Best of Breed for Tape

HPSS maximizes tape transfer performance

Striped Tape

Most clustered file systems and high performance computers can perform I/O at many gigabytes per second, while modern tape drives have native transfer rates less than 500 MB/s. HPSS can be configured to transfer a single file in parallel to multiple tape drives. This allows HPSS to transfer large files at speeds far beyond the limits of a single tape drive. In 2017, Oak Ridge National Laboratory (ORNL) deployed a 4-wide tape stripe into production and are logging single file transfer rates that exceed 1 GB/s using 252 MB/s tape technology.

Small File Tape Aggregation

Writing small files to tape is often an arduous task, but NOT for HPSS. The HPSS tar utility (HTAR) can be used to store small files in an efficient manner. Without HTAR, HPSS can be configured to automatically group small files on tape to improve tape transfers. HPSS can often achieve near-native tape transfer rates even when doing tape I/O with the smaller files.

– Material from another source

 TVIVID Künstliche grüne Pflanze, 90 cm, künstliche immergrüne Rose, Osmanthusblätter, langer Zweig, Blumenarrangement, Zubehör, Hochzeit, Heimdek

HPSS reduces wasted movement of tape media and tape robotics

Efficient use of tape media

HPSS groups tape recall requests by tape cartridge to reduces unnecessary tape mounts and dismounts. HPSS performs offset ordered tape recalls when using LTO tapes. Offset ordered tape recalls improve the efficiency of recalling collocated files. Modern tape drives write data to tape in a serpentine manner, writing data in different directions on alternating wraps. Because of the serpentine nature of data on tape, LTO tape offset ordering does not minimize seek-times for files that are not collocated.

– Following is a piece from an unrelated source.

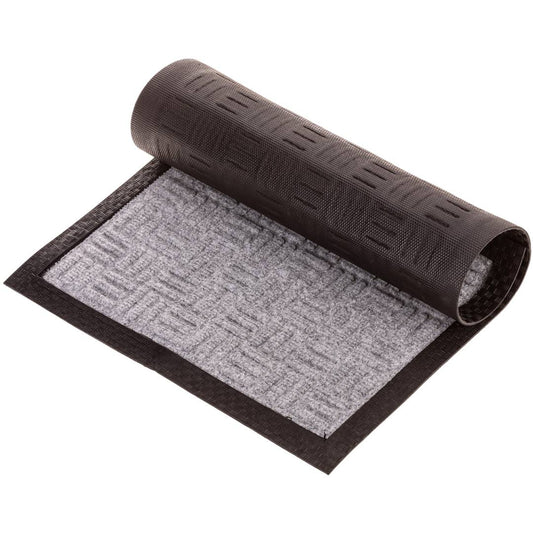 Felpudo rectangular de polipropileno liso gris oscuro 60x40cm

HPSS performs recommended access ordered (RAO) tape recalls when using enterprise tapes. RAO is an enterprise tape drive feature. HPSS sends a request to the enterprise tape drive, and the tape drive efficiently orders the recalls for HPSS. RAO improves the seek-time between files on tape by 40% to 60%. When requirements demand high tape recall rates, RAO and enterprise tape are often the most economical long term storage option at scale.

Efficient use of tape robotics

HPSS exploits dual active tape robot movement for tape libraries supporting this capability. Lee Jesionowski, IBM’s tape automation lead architect says, “This can more than double the tape mount rate efficiency.” HPSS also orders tape mount requests to ensure the tape robot is not moving great distances without a cartridge in the gripper.

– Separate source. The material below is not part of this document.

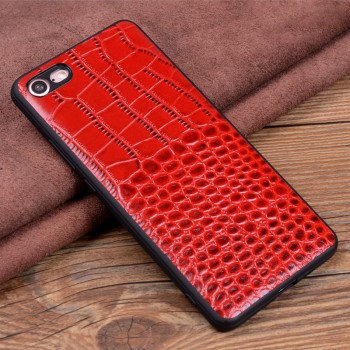 Кожаный чехол накладка (премиум нат. кожа крокодила) для Iphone 8  Красный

HPSS versions 7.5.2 and 7.5.3 have introduced SCSI PVR and Spectra Logic library compatibility improvements that have increased tape mount rate efficiency from 78% to 99% on IBM tape libraries and from 42% to 99% on Spectra Logic tape libraries.

HPSS cuts redundant tape costs

Prior to the commercialization of RAIT, redundant tape was accomplished by making multiple tape copies. HPSS redundant array of independent tape (HPSS RAIT) is tape striping with one or more rotating parity blocks. HPSS has introduced a feature that cuts the cost of redundant tape by 50%, 66%, 75%, or more. In addition to reducing the cost of redundant tape, HPSS RAIT users enjoy all the benefits of striped tape – high speed tape reads and tape writes.

To further clarify the Oak Ridge National Laboratory (ORNL) 4-wide tape stripe cited earlier, it is a 4+Parity HPSS RAIT stripe, which also cut their projected dual-copy redundant tape cartridge costs by almost 75%.

HPSS protects against silent data corruption on tape

All data can be corrupted – data in motion and data at rest. Silent data corruption is when data corruption goes undetected. HPSS validates the integrity of data when data are written to tape using file checksums and T10 Logical Block Protection (T10 LBP). With HPSS end-to-end data integrity, corrupted data will not be written to tape. HPSS also provides a highly efficient data re-validation tool to validate data on tape. When data corruption is identified, redundant tape (multi-copy or RAIT) is used to correct the problem.